The nodes do not have to be the same size in terms of compute/storage – although I would say that best practises around HA/DRS usually mean people DO create clusters using similarly sized servers. All the IO and active data processing is held within the SSD on the server. That means configuring enough SSD for the working set. Datrium were keen not just to see that is a read-only caching system – that’s why a glib simplistic comparison to vendors who do this to accelerate access to a legacy SAN is somewhat lazy of me. But what can I say? I can be a lazy person sometimes! The Data Node is mandatory component – so Datrium is not a ‘software only’ solution. Essentially, it acts the persistent storage layer for the system – or what Datrium dub “Durable Capacity”.

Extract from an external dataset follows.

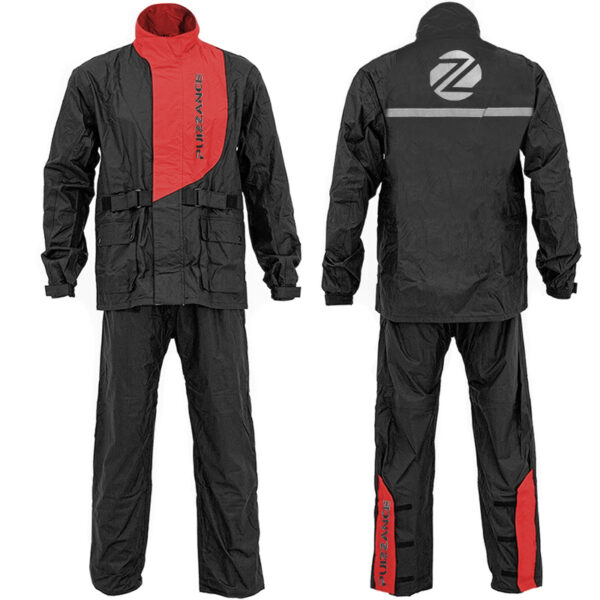 Impermeable Sudadera Puizzance PZR-101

This Data Node offers the kind of storage management capabilities of enterprise storage of the modern type. It’s offers up an NFS target to the VMware ESXi hosts, but the UI and management tools are focused squarely on a virtual machines and their virtual disks. It’s this which make me want to compare it to the new-generations of storage vendors who came on the scene in the last decade. I think I might have to revise my use of the word “new” as some of these companies are now coming up their first decade of trading – and in our fast paced world, 10 years ago now feels like a century. So along side the usual suspects of replication, compression, and de-dupe, Datrium do also support encryption. What I think is interesting about Datrium is whilst these features took time to end up in “Minimal Viable Product” that typified the first-gen of hyper-convergence, and were added at later stage – the hyper-convegence market has “matured” to the degree that you cannot nowadays launch a hyper-convergence technology that’s missing these features. They have to be there from almost Day One to get any serious traction in a market that’s already quite crowded. So Datrium offers end-to-end encryption at points of the data flow cycle.
All the management of the system is carried out from vCenter using a plug-in. So rather than pushing yet another management “Single Pain of Glass” to go along with all your other “Single Pains of Glass” – you do management from vCenter. Of course when you say “management” – there are no LUNs or other array type objects to look at – so the focus is squarely on the hosts and their associated VMs.
Finally, futures – I wasn’t able to get much out of Datrium but they didn’t indicate they do want to deliver support their own replication to targets in AWS such as S3 for off-site DR purposes.